Ce portrait robot d’un(e) bon(ne) candidat(e) présidentiel(le) doit inclure la fermeté à l’encontre de toutes les dérives et complaisances de la part abusivement permissive de la société contemporaine. Ceci inclut évidemment la lutte contre les crimes, délits et incivilités, assortie de l’exigence de probité de la part des détenteurs de moyens d’ordre public et de la dotation nécessaire à la dignité de l’administration de la justice et de l’administration pénitentiaire. Importantes dépenses budgétaires qui ne sont possibles qu’avec une meilleure équitable fiscalité et avec une économie suffisamment protégée pour permettre une croissance nationale offrant une base solide aux prélèvements publics. La fermeté contre dérives et complaisances c’est aussi l’instauration, le respect et le paiement des protections contre la dégradation de l’environnement, autrement que par une taxe sur les dépenses d’énergie des consommateurs français lorsque le monde entier en est dispensé et fait librement entrer ses produits ayant pollué la planète dans nos circuits d’importation et de distribution. L’écologie doit d’abord être une police aux frontières comme en interne, et parallèlement une innovation en faveur des activités de substitut aux activités et moyens polluants.

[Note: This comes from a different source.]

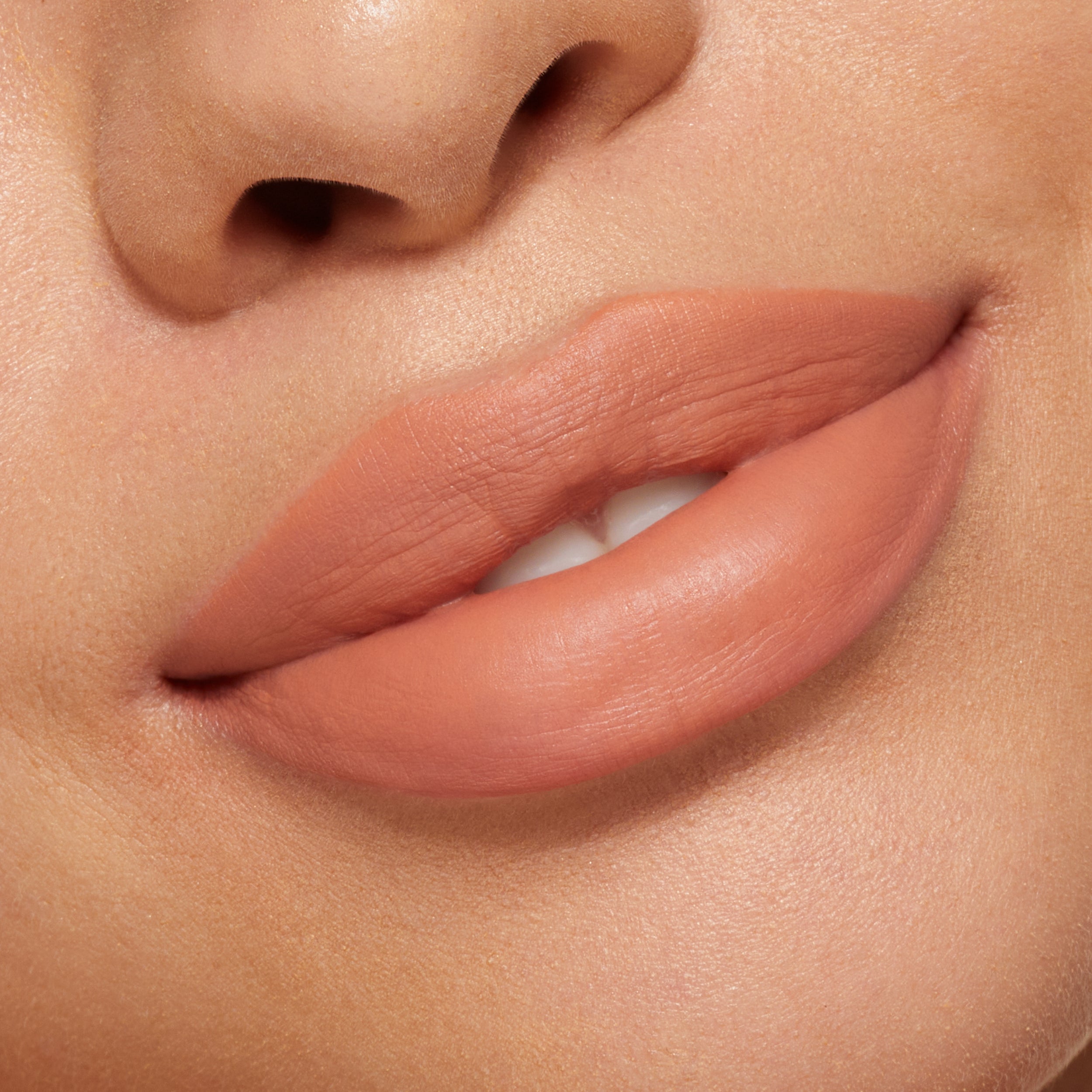 Matte Lipstick - Long Lasting, Non-Drying, Vegan & Cruelty-Free Liquid Lipstick for Women | Perfect for Everyday Wear, Date Night & Special Occasions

Je ne pense pas que ces trois points du portrait robot - même s’ils s’inscrivent sur une ligne de crête d’un volontarisme passant par une porte étroite entre la caricature de mesures de gauche par la droite, et la soumission de la gauche à ce que le libéralisme libre échangiste mondial veut faire passer pour inéluctable - ne puissent être réunis par plusieurs personnalités de qualité et pouvant venir de sensibilités différentes. Mais de plus, une vraie difficile plate-forme à concevoir, comme à faire approuver par les citoyens, concerne la politique de l’immigration. C’est une pierre de touche entre droite et gauche classiques ; c’est une pierre de touche entre générosité et égoïsme, c’est une pierre de touche entre bonne mondialisation (celle qui accueille les hommes) et mauvaise mondialisation (celle qui ne voudrait accueillir que marchandises et services à bas prix). Il faut penser qu’une économie raisonnablement protégée contre les seconds favorisera une société plus tolérante pour les premiers. C’est l’un des grands chantiers d’éducation populaire auxquels un homme ou une femme voulant répondre au portrait robot devra savoir se consacrer aussi.